Based on this study, it's not yet known the degree of benefit metastatic patients who switched to HER2-positive status might derive from HER2-targeted treatment. "At the least, further studies are immediately warranted as we may be missing treatment opportunities in advanced cancer settings," Nolan Priedigkeit, the study's lead author, told GenomeWeb.

Brain metastasis is a common site of progression in breast cancer. However, obtaining a biopsy is risky, making it challenging to track the evolution of the metastatic disease, and so, clinical decisions are made based on molecular features of the primary tumor, explained Priedigkeit, an MD/PhD candidate at the University of Pittsburgh and Carnegie Mellon University Medical Scientist Training Program.
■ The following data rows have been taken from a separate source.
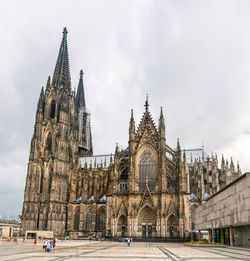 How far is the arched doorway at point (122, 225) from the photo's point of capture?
57719 mm

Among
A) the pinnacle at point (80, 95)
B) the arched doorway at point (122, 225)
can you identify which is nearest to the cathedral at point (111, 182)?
the arched doorway at point (122, 225)

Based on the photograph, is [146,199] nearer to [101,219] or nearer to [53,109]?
[101,219]

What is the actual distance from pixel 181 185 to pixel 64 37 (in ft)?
193

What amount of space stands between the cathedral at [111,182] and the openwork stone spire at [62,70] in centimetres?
30

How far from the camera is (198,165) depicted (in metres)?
69.0

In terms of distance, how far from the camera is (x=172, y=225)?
55.9 meters

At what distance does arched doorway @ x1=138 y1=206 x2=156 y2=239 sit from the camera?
56156 mm

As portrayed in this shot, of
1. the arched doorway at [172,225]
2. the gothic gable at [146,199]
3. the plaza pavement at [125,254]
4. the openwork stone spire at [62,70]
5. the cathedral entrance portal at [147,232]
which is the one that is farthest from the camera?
the openwork stone spire at [62,70]

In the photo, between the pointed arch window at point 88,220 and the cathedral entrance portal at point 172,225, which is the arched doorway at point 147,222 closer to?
the cathedral entrance portal at point 172,225

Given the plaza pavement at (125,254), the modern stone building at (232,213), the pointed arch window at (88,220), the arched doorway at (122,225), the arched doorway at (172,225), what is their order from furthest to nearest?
the pointed arch window at (88,220), the arched doorway at (122,225), the arched doorway at (172,225), the modern stone building at (232,213), the plaza pavement at (125,254)

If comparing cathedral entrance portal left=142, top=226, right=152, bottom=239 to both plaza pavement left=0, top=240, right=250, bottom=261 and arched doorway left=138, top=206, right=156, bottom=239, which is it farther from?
plaza pavement left=0, top=240, right=250, bottom=261

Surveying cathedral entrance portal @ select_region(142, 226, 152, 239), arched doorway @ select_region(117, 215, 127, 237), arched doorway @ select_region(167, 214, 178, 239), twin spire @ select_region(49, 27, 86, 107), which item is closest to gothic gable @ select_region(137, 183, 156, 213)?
cathedral entrance portal @ select_region(142, 226, 152, 239)

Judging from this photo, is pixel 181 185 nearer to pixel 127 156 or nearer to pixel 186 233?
pixel 186 233

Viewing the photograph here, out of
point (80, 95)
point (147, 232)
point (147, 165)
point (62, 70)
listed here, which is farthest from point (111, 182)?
point (80, 95)
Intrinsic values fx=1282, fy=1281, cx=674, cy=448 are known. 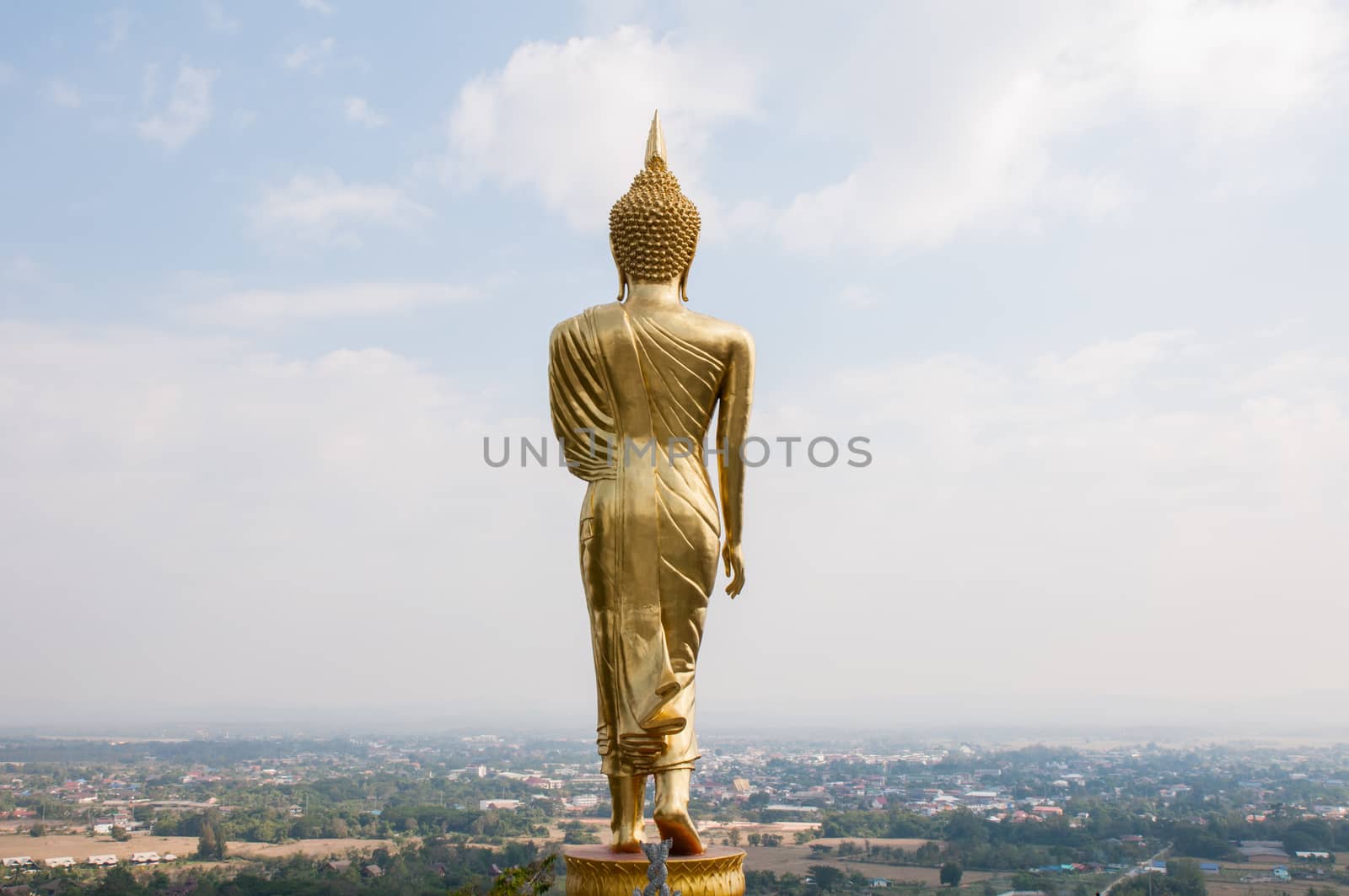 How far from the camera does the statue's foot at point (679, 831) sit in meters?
7.39

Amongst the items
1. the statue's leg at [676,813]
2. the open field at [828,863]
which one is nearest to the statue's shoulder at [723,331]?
the statue's leg at [676,813]

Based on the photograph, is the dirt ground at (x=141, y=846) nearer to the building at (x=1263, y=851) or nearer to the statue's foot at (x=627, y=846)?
the statue's foot at (x=627, y=846)

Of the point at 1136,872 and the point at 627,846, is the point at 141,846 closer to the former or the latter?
the point at 1136,872

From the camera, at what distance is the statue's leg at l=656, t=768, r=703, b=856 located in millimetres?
7395

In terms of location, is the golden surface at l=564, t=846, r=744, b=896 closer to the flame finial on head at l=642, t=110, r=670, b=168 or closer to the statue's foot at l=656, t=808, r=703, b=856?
the statue's foot at l=656, t=808, r=703, b=856

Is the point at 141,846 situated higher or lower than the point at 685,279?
lower

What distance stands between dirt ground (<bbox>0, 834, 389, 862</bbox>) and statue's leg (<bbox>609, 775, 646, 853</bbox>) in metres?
9.55

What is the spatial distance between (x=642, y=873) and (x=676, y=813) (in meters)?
0.52

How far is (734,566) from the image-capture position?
8.09 meters

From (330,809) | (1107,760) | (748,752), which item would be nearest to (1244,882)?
(748,752)

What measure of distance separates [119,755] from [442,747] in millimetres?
9178

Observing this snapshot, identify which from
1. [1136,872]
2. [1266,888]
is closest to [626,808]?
[1136,872]

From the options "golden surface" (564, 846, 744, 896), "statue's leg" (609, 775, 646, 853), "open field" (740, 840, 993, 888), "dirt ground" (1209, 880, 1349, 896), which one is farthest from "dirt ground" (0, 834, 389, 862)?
"dirt ground" (1209, 880, 1349, 896)

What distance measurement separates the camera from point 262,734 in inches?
1892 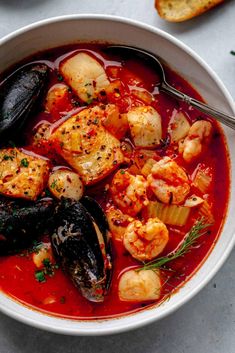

However, one option in the future, may be to do blood-based circulating tumor DNA testing as a surrogate marker for what's happening within the tumor, he added. 

In Cohen and Wagle's study, they are tracking patients' cell-free DNA with blood biopsies every two to three months, in addition to collecting more than 250 biopsy samples. In that study, researchers simultaneously perform a targeted panel in a CLIA lab, so that certain molecular information about patients' tumors can be returned to them via their doctors.

"There are definitely many examples of doctors using these results for clinical decision making, like enrolling patients on trials," Wagle told GenomeWeb. "We cannot report the specific responses, since those are part of clinical trials." He added though that patients are responding to clinical decisions that have been made, and there are efforts to try to quantify this.

One criticism of precision oncology approaches has been that sequencing identifies drivers of disease but often those drivers are not targetable by existing treatments. At the conference, Philippe Bedard from the Princess Margaret Cancer Center highlighted recent editorials that argue that despite the enthusiasm for precision oncology, the approach hasn't been proven in randomized-controlled trials and therefore shouldn't be broadly applied. 

Wagle, a proponent of precision medicine, countered that there is also no evidence that the concept is invalid, and critics are ignoring the successful examples that are now considered standard treatment.

"The criticism of whatever's left is that nothing else works, so why are you testing all these other genes? The reason is that we don't yet have enough information," he said. "The reason we don't have more targets in precision medicine is we haven't learned enough and we haven't developed the right therapeutic strategies to target those alterations."

That's precisely why his group is doing the exome and transcriptome sequencing study. "I think precision medicine will ultimately yield good responses," he said. "But we have to make the discoveries and understand how to apply it, before we can say it's not going to work."